BIG-IP - SNAT Pool / AutoMap



 ◆ BIG-IP : SNAT Pool の設定

 SNATは、送信元アドレスと送信元ポート番号が変換されるソースNATとして動作して、ルータでのNAPT
 (IPマスカレード)と同じような動作を行います。例えばプライベートIPアドレスを持つ多くのデバイスが、
 BIG-IPのインターフェースに設定した1つのグローバルIPアドレスに変換して通信する際にも使用されます。


      



 SNAT Poolは、事前にPoolに設定したアドレスを使用するSNATです。

 


 例えば、「CLIENT-NAT」という名前のSNAP Poolを作成した場合、宛先となるVirtual Serverの設定で
 以下のように指定します。つまり、Virtual Serverに適用することでSNAT Pool Listの設定が発動します。

 


 ◆ BIG-IP : AutoMap の設定

 AutoMapはアドレス変換後のIPアドレスにBIG-IPのインターフェースに割り当てられたIPアドレスを
 使用するSNATです。シングル構成時には
SelfIPを使用して、冗長構成時にはFloating IPを使用します。


    



 設定としては、宛先となるVirtual Serverの設定で「AutoMap」と指定するだけでOKです。

 


 AutoMapを指定してSNATを使用する際のバーチャルサーバのアドレスは、Wildcard Virtual Serverとして
 以下の通り 0.0.0.0/0 に設定することが多いです。つまりLAN側(Internal)からのインターネット通信用。

 

 色々な種類のNAT、SNATが適用されている
 場合、以下の順序で処理されていき合致した
 時点でアドレス変換の処理が完了します。

 1. Virtual Serverに適用されたSNAT
 2. NAT List
 3. SNAT List

 1.はSNATのAutoMap と SNAT Poolのこと。
 Virtual ServerにAutoMapもSNAT Poolも適用
 されておらず、アドレス変換を定義するiRule
 が適用されている場合その処理が実行されます。


NATの種類 NATの設定 アドレス変換対象 変換後のアドレス
NAT NAT List IPアドレスで指定 指定したIPアドレス
SNAT SNAT List IPアドレスリストで指定 指定したIPアドレス ※1
SNAT SNAT Pool Virtual Server宛ての通信 SNAT Poolで設定したIP
SNAT AutoMap Virtual Server宛ての通信 BIG-IPのIPアドレス ※2
SNAT iRules Virtual Server宛ての通信 snat構文で指定したIPアドレス


 ※1 一般的な設定ではありませんがSNAT ListのTranslationのアドレスには「AutoMap」や「SNAT Pool」を指定することも可。
 ※2 AutoMapで使用するBIG-IPのIPアドレスは、機器の冗長時はFloating IPを使用して、シングルの場合はSelf IPを使用します。

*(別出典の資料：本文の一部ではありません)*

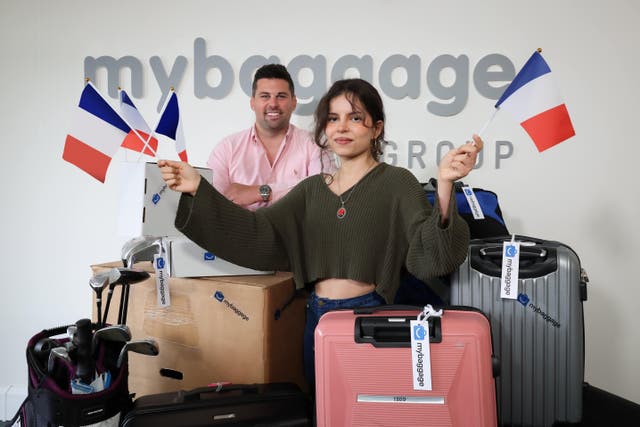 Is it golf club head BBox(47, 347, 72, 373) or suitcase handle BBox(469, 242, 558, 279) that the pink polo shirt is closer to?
suitcase handle BBox(469, 242, 558, 279)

 ◆ BIG-IP : iRulesで適用するSNATの設定

 iRulesの構文の「アクション」で snat キーワードを指定した場合、そこで指定したIPアドレスに変換する
 SourceNATが行われます。iRulesの構文にもよりますが、1対1変換の指定の場合はNAT ListやSNAT Listと
 同様に1対1の変換が行われることを確認できました。NAT ListやSNAT List同様にポート番号の変換はなし。